Безнравственность — это потусторонний холод, лед, одиночество, ссылка в самого себя; нравственность — это жизнь, тепло и надежда, о каких бы накаленных человеческих страстях ни говорил писатель, преданный своей позиции правды.
Великий роман «Тихий Дон» — многоемкое полотно о революционной борьбе в России, о смысле жизни, о человеческом отчаянии и надежде. У нас есть непревзойденный нравственный образец, и, отдавая должное ему, надобно почаще кланяться этому роману в пояс, ибо здесь отношения художника с правдой истории и правдой характеров находятся в том безупречно нравственном положении, в котором не находились, например, на мой взгляд, авторы «Сорок первого», «Любови Яровой», избравшие не метод психологизма, а прямолинейную социологичность. Поэтому даже наисовременнейший сюжет о заводских буднях, о грандиозном строительстве в Сибири может стать недолговечной иллюстрацией, а не художественной истиной, коль скоро в нем нет отношения писателя к нравственной философии. Серьезная проза независимо от величины таланта писателя не должна самоуверенно брать на себя обязанности инженера индустрии, потому что по природе своей призвана, естественно, заниматься душой человека, а не промышленной технологией, убивающей доверие к литературе пафосом расчетливого утилитаризма.
Категория правды — это не натуралистический прием, не фотография факта, а сущность советской литературы, социалистического реализма, которому присуще слияние истории, действительности и воображения. Эта «триада» и создает ту художественную правду, что может соперничать с правдой жизни, выражая нравственную суть времени.

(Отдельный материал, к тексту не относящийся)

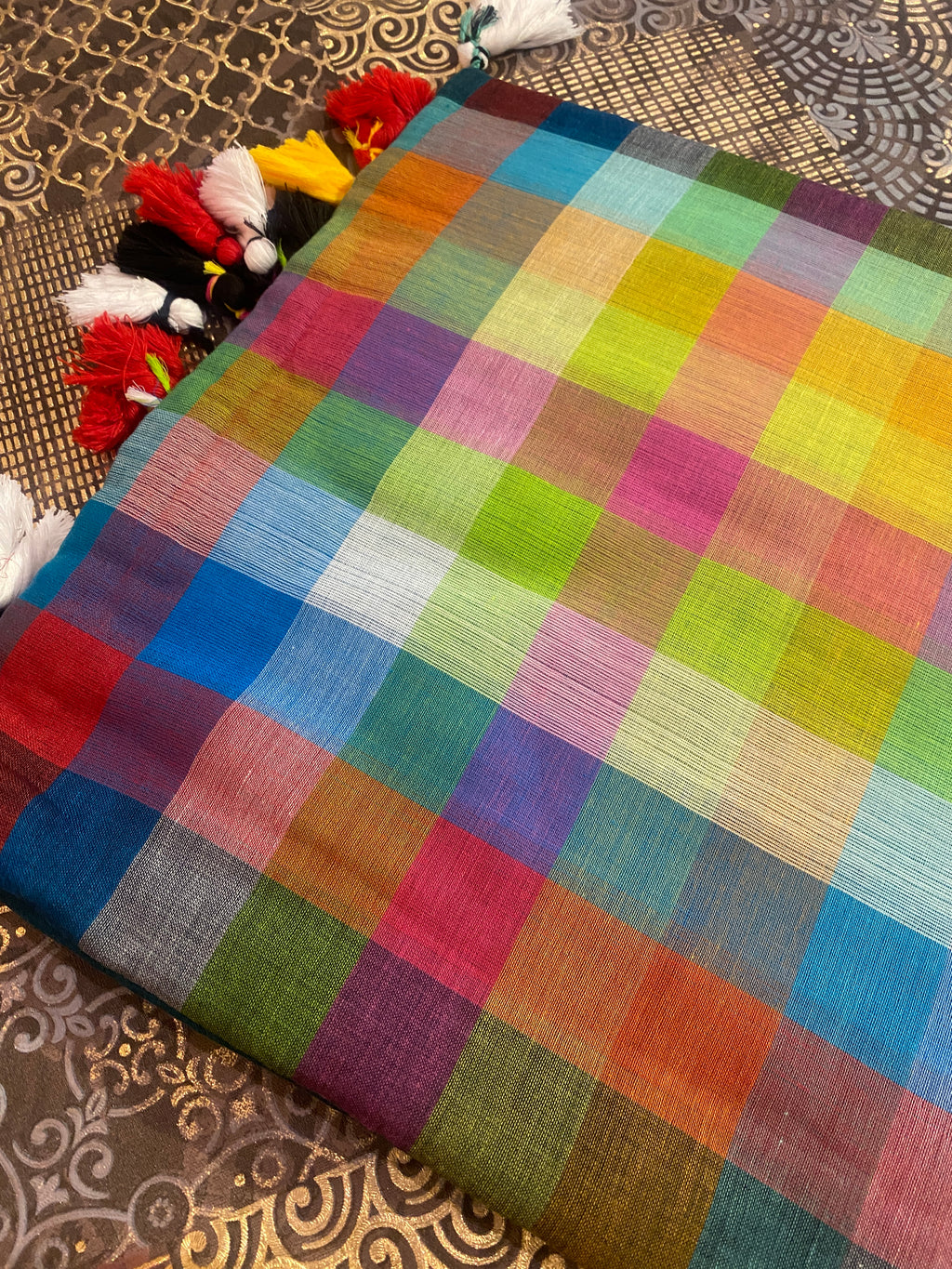 Premium Malmal Cotton Saree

В жарких, наэлектризованных синтетическими коврами кабинетах заокеанских библиотек при университетах профессора-слависты с горьким упреком, почасту с выражением фальшивой озабоченности говорили мне, что в советской литературе нет Генри Миллера и нет абсурдистов и символистов, поэтому она слишком реалистична и отвергает диктат прогресса. Они, эти усталые, подверженные раздражительным неврозам люди, не раз сетовали на строгость реализма, как будто в них буйно играла сила настоящих мужей, обращенных с проповедью в сторону евнухов, никогда не познавших земного рая «вседозволенности».

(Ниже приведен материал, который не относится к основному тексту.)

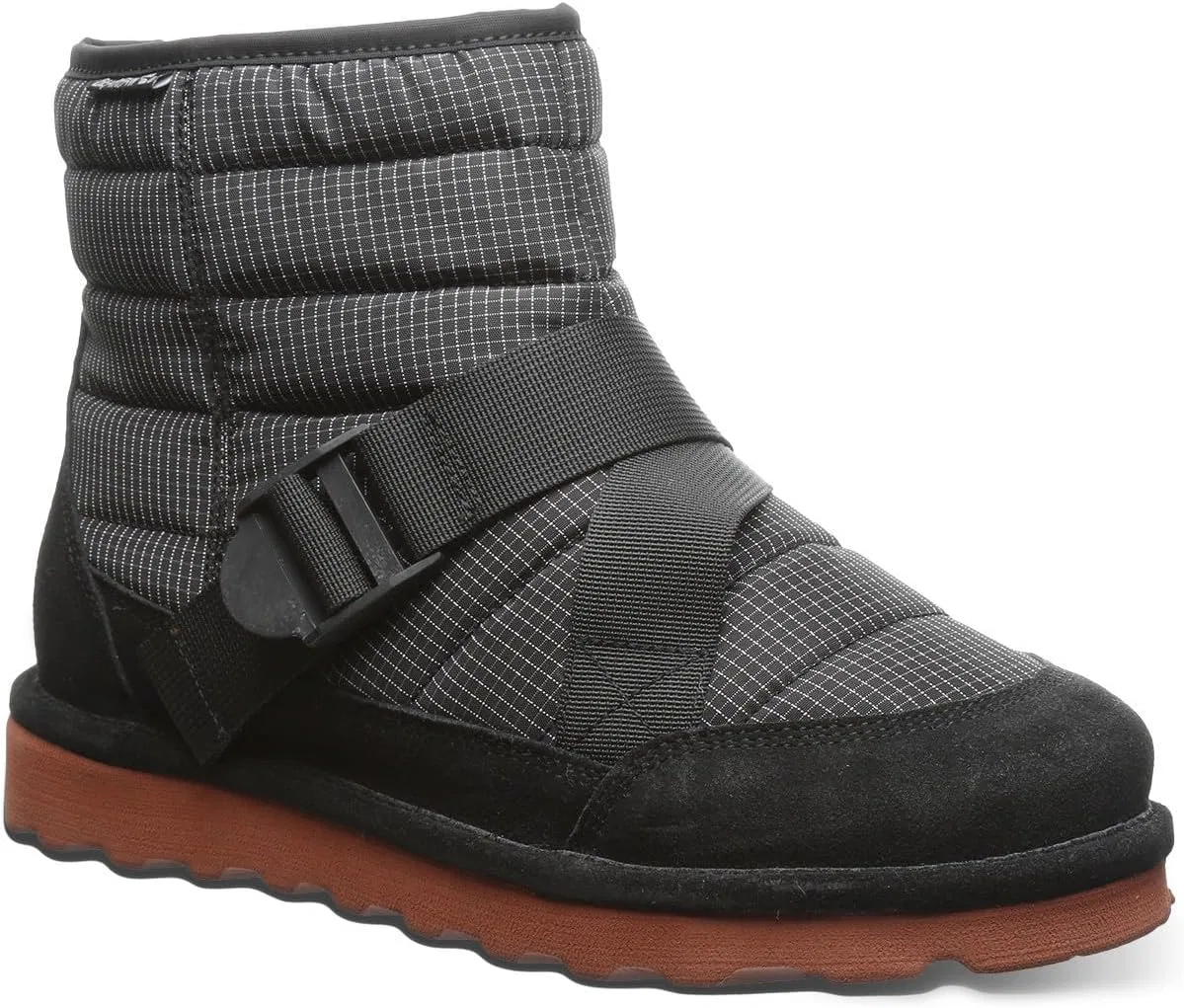 Мужские ботинки BEARPAW Connor, мужские ботильоны, удобные зимние ботинки, Black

Помните Ивана Карамазова с его формулой: все дозволено, если нет бога (то есть если пет истины, веры, правды, надежды!)? «К черту вашего Генри Миллера со всеми его аномалиями, известными еще в Содоме и Гоморре!» — хотелось порой крикнуть мне в некоем безумии и мысленно пожать руку далекому югославскому писателю Эриху Кошу, несколько лет назад печатно высказавшему подобную фразу в адрес Кафки с его самоуничижением и страхом мазохистского толка, с его вялым чувством жизни.